Including powers of covariates (like $x^2$) is now seen as a less than ideal approach, but it may be the earliest example of a general technique utilizing “basis functions”. A family of basis functions is a collection of functions $g_1$, $g_2$, $\ldots$ such that we can include $g_1(x), g_2(x), \ldots$ as covariates in a model, in place of $x$. This allows the fitted mean function to take on any form that can be represented as a linear combination $\beta_1 g_1(x) + \beta_2 g_2(x) + \cdots$. Using a large collection of basis functions allows a large range of non-linear forms to be represented in this way. Basis functions thus allow non-linear mean structures to be fit to data using linear estimation techniques.

While the basis function approach is very powerful, it is now known that some families of basis functions have undesirable properties. Polynomial basis functions ($x^2$, etc.) are no longer widely used. One reason for this is that polynomial functions can be badly scaled (e.g. this happens when raising a large number to a high power). Also, polynomial basis functions can be highly colinear with each other, depending on the range of the data. For example, if $x$ falls uniformly between 0.8 and 1, then $x$ and $x^2$ are highly colinear. Finally, polynomial basis functions are not “local”, meaning that when using polynomial basis functions, the fitted value at a point $x$ can depend on data values $(x_i, y_i)$ where $x_i$ is far from $x$.

Local basis functions are families of functions such that each element in the family has limited support. One of the most popular forms of local basis functions is “splines”. We will not derive the mathematical form of a polynomial spline here in detail. Roughly speaking, a polynomial spline is a continuous and somewhat smooth function that has bounded support, and is a piecewise polynomial. Polynomial splines are “somewhat smooth” in that they have a finite number of continuous derivatives (often the function, and its first and second derivative are continuous, but the third derivative is not continuous).

Other popular families of basis functions used in various settings are wavelets, Fourier series, radial basis functions, and higher-dimensional basis functions formed via tensor products of univariate basis functions such as splines.

When working with basis functions, it is important to remember that terms derived from the same parent variable cannot vary independently of each other. For example, age determines age$^2$ and vice-versa. This means that in general, the coefficients of variables in a regression model that uses basis functions may be difficult to interpret. There are many ways to resolve this, especially using plots of predicted values as the underlying covariates are varied in systematic ways. For example, if we have a model relating BMI to age and sex, and we use basis functions to capture a non-linear role for age, we could make a plot showing the fitted values of $E[{\rm BMI} | {\rm age}, {\rm sex}]$ plotted against age, for each sex.

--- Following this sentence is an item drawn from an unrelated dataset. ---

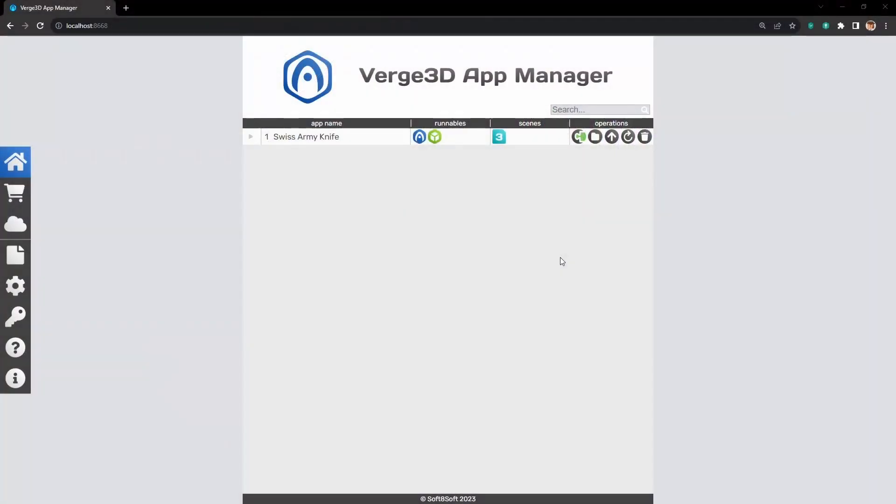Hello. Today we will talk about publishing your application on the internet.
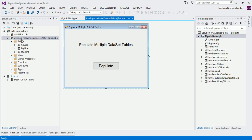If you are not aware of Server Explorer or how to add a connection in Server Explorer, please watch the video on connections first. There are already some tables available in my database. Whenever I click on the populate button, my dataset should get populated with the content of Course and Student tables. I'll just show you how it gets populated through debugging.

Using splines or other families of basis functions is a very powerful technique because it allows traditional methods to be used in a much broader range of settings, simply by augmenting the regression design matrix with additional columns. However in recent years even more powerful approaches to accommodating non-linearities in regression modeling have been devised that combine the use of basis functions with smoothing penalties. These approaches can do a better job of capturing non-linearity while also controlling the degree of smoothness. However they cannot use standard algorithms for fitting, or standard methods for inference. A class of models known as “generalized additive models” provides a practical framework for regression analysis using penalized splines, and addresses both the computational and inferential aspects of performing this type of analysis.


A transformation in statistics, broadly defined, refers to any setting in which a function $f$ is applied to the values of a variable being analyzed. It is easy to apply transformations, and there are many principled reasons for transforming data. But it is difficult to come up with a unifying theory and methodology that justifies or guides us in applying transformations in a broad range of settings.

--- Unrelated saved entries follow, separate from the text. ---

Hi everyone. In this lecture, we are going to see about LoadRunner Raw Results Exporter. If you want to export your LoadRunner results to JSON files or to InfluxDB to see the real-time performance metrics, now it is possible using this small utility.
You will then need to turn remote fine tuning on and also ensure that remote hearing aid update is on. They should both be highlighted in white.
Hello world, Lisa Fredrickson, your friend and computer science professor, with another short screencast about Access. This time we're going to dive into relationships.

In regression analysis, transformations can be applied to the dependent variable ($y$), to one or more of the independent variables ($x_j$), or to both independent and dependent variables simultaneously. One reason for transforming the data is to induce it to fit into a pre-existing regression framework. For example, ordinary least squares (OLS) is most efficient when the conditional mean $E[y|x]$ is linear in $x$, and the conditional variance ${\rm Var}[y|x]$ is constant. Sometimes, applying a transformation such as replacing $y$ with $\log(y)$ will induce linearity of the mean structure and homoscedasticity of the variance structure. However achieving linearity of $E[y|x]$ and achieving homoscedasticity (constant conditional variance) cannot always be achieved with the same transformation.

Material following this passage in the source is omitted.